Canada Post is continuing to bleed money amid fundamental shifts in mail delivery, pushing the Crown corporation to signal that something will have to change if it wants to right the ship.
Canada Post reported a $748-million annual loss before taxes for 2023 on Friday, the postal service’s sixth consecutive year in the red.
In a statement accompanying the result, the organization was blunt about the challenges facing a modern-day mail carrier.
Canada Post noted that back in 2006, the average Canadian household was receiving some seven letters a week; that’s down to just two in 2023, following the rapid rise of email and other forms of internet communication.
Alongside a decline in this transactional mail segment, Canada Post also posted revenue declines in its parcel and direct marketing services in 2023.
Parcel delivery had been a saving grace for the mail service in recent years amid a boom in Canadians shopping online, particularly in the pandemic.
But Canada Post’s share of that market is eroding too: where it once delivered nearly two-thirds of parcels pre-pandemic, the rise of new competitors in the space meant the Crown corporation handled less than a third of all packages last year.
In a bid to boost revenue flows heading into the postal service’s coffers, Canada Post confirmed a previous announcement Monday that the cost of a single stamp would rise seven cents to just under a dollar when bought in a booklet.
But that move – the third price hike on stamps in roughly a decade – will not be enough to avoid the need for structural changes to keep Canada Post’s operations viable, according to experts who spoke to Global News and the mail carrier itself.
“Canadians understand our business model must change.

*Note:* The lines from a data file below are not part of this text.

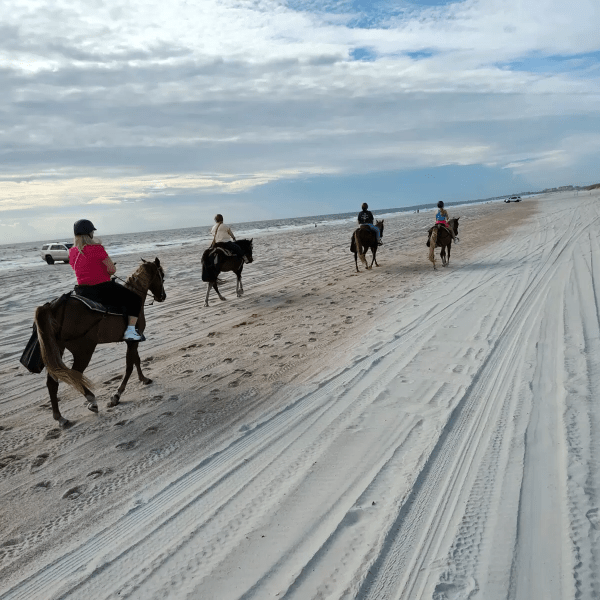 Four people riding horses on a sandy beach with a cloudy sky.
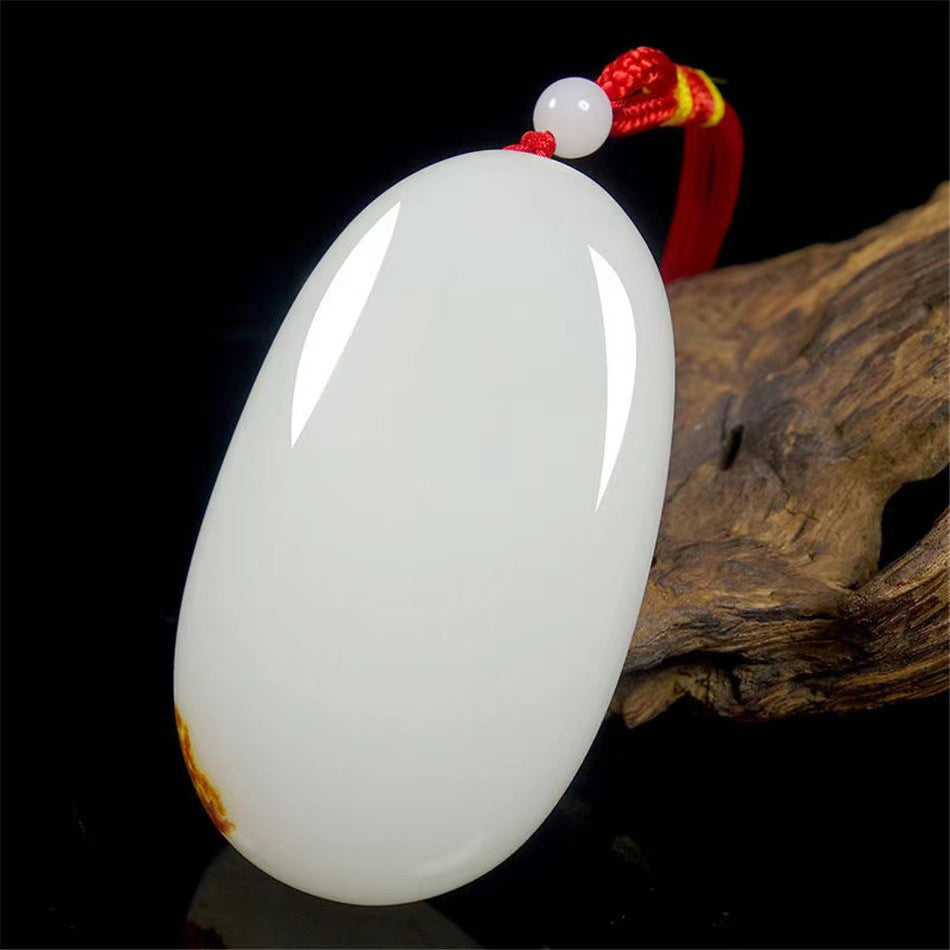 White calcite hand piece displayed against natural wood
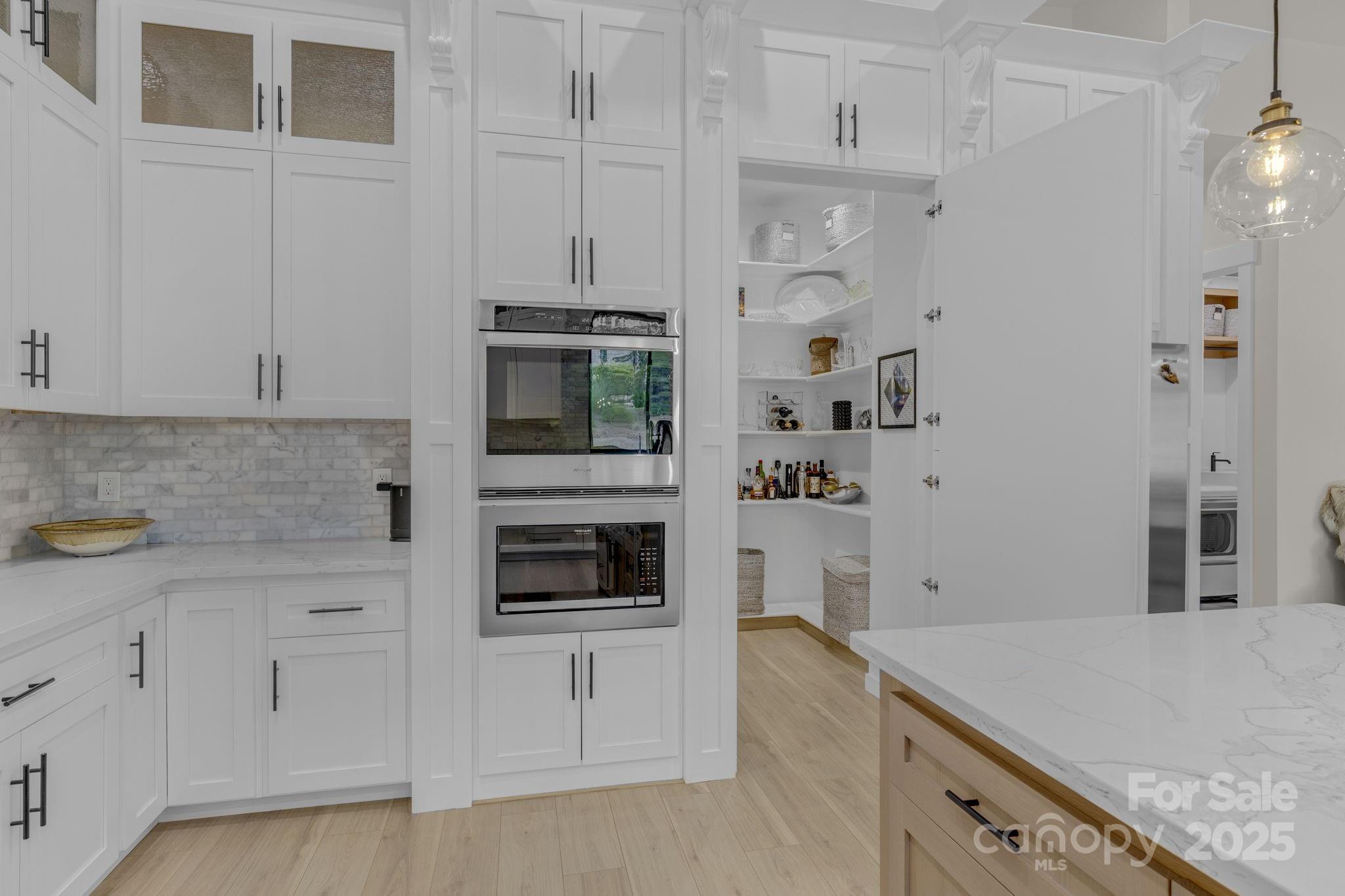 416 World Tour Drive Inman, SC 29349 - Photo 17 of 45 a kitchen with stainless steel appliances granite countertop white cabinets and window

They can see it in their mailbox,” president and CEO Doug Ettinger said in a statement on Friday.
“An operating model designed to deliver nearly 5.5 billion letters in 2006 cannot be sustained on the 2.2 billion letters we delivered last year.”
Canada Post needs ‘flexibility’ to remain viable, spokesperson says
Despite the inroads from other package delivery services, Canada Post spokesperson Jon Hamilton tells Global News the Crown corporation continues to see parcels as a growth market for mail.
“We expect e-commerce in Canada to double over the next 10 years. We just need to be better positioned to get as much of that growth as possible,” Hamilton says.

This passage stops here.